SPONGATA PONTREMOLESE
Area geografica: Pentremoli e Lunigiana (Massa – Carrara)
Il suo nome deriva dal latino “spongia”, ossia spugna, e richiama sia la consistenza del ripieno sia la superficie bucherellata dell’involucro. La Spongada è una torta bassa e piatta, composta da un impasto sottile e croccante (pasta matta o pasta frolla) che avvolge una farcitura di colore più o meno bruno, ricca di frutta secca, canditi, miele, vino bianco, spezie, solitamente decorata con zucchero a velo. È un dolce natalizio molto antico conteso tra varie zone geografiche: Toscana, Liguria e Emilia-Romagna; a seconda delle usanze, compare con diverse varianti. Un tempo veniva chiamato “dolce del pellegrino” perché ricco di calorie e quindi adatto a sostenere il cammino dei viandanti, ma anche perché poteva essere conservato a lungo. Questo dolce veniva preparato nella stagione invernale a partire da Ognissanti e si conservava a lungo in recipienti sigillati; oggi, invece, è un prodotto che viene preparato tutto l’anno, quindi di facile reperibilità, ma il periodo ottimale in cui gustarlo rimane sempre quello natalizio.

FRISTINGO
Area geografica: Marche, Pesaro e Piceno.
Molte le varianti linguistiche: pistringo, frostenga, fristingo… sebbene quella più accreditata fa capo alla parola “frusto”, ossia malridotto, misero, frugale. Esistono diverse varianti, ma due sono le versioni più importanti: una afferente all’area del Pesarese, in cui viene impiegato l’olio d’oliva come legante, l’altra collegata all’area del Piceno, in cui è una massa di pane a legare gli ingredienti (anche nota come «pizza di fichi»). A una base di fichi, noci e mandorle negli anni sono stati aggiunti cacao, mosto cotto, rum, uva sultanina, canditi.

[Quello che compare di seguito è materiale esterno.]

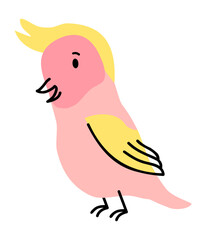 cute and funny pink cockatoo, isolated on white background.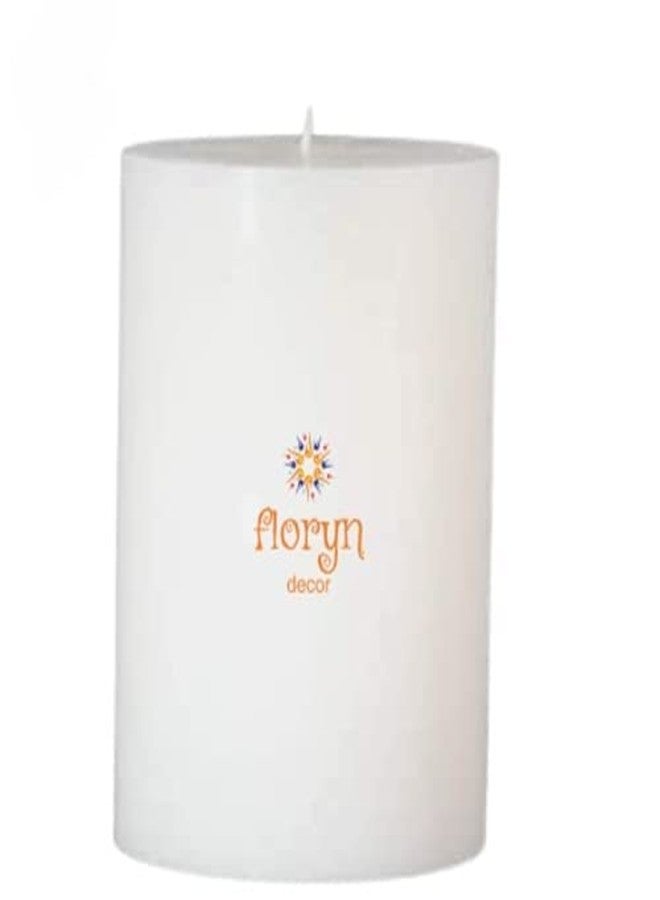 Floryn Decor White Pillar Candles Set of 2 | Smokeless | Odourless | Dripless | Long Burning Candle (Combo of 2) (2 by 2 inches) - Image 1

Un dolce natalizio i cui ingredienti erano facilmente reperibili durante il periodo invernale.

PANPAPATO – PAN PEPATO
Area geografica: Umbria. Con alcune varianti anche: Toscana, Lazio, Emila Romagna. Circa l’origine del nome esistono diverse teorie. C’è chi l’attribuisce a pan del papato e chi invece pensa sia stato denominato pan-pepato in quanto la ricetta prevede l’utilizzo di pepe. Resta comunque la sua forma a papalina a ricordare ancora la sua presunta origine ecclesiale. Gli ingredienti che lo caratterizzano sono le spezie, in particolare il pepe, e la frutta secca. Nell’area umbra è peculiare l’impiego del mosto, tuttavia molte le varianti che oggi lo sostituiscono con il cioccolato. La ricetta di questo dolce ha radici antiche, non facilmente rintracciabili. Nei conventi frati e suore usavano preparare il panpepato durante le festività del Natale. Oggi viene preparato nelle case e regalato durante le festività o venduto nelle pasticcerie del territorio.

PANGIALLO ROMANO
Area geografica: Roma e province
Il Pangiallo è un dolce di origine romana quando, durante i Saturnali (festività legate al mese di dicembre dedicate a Saturno), veniva preparato uno speciale pane color dell’oro, a richiamare la luce che sarebbe riiniziata a brillare dopo il solstizio. Il nome allude dunque al colore giallo e alla luce che successivamente, in epoca cristiana, fu assimilata alla figura di Cristo. Prevede un interno composto di farina, miele, frutta secca e canditi e un involucro color giallo ottenuto grazie allo zafferano. Se fino a pochi decenni fa era difficilmente reperibile in commercio, oggi si trova normalmente nei forni locali. Inoltre, viene preparato in casa secondo ricette che presentano tra loro piccole variazioni dettate dalla soggettività del gusto e dall’area geografica.

CALZONCELLI DI CECI
Area geografica: Basilicata, in particolare Melfi.
“Calzoncello” si ricollega all’idea di un piccolo calzone, una preparazione, spesso cotta mediante frittura, che prevede una pasta esterna atta a racchiudere una farcia. Si tratta di cialde friabili cotte al forno e ripiene di mandorle tritate, zucchero, cioccolato, farina di castagna, buccia d’arancia grattugiata, vino bianco. Dagli avanzi della sfoglia deriva un altro dolce tipico, della Basilicata ma anche della Puglia, che consiste nella creazione di coroncine di pasta fritta: le scartellate o cartellate. Un tempo i Calzoncelli non contenevano mandorle e frutti pregiati, dunque, rappresentavano una forma di dolce accessibile a tutti. Venivano impiegati ceci e castagne, entrambi prodotti che si trovano in abbondanza in questo territorio e che venivano consumati soprattutto nella stagione invernale. In antichità invece della cottura in forno si prediligeva la frittura nello strutto.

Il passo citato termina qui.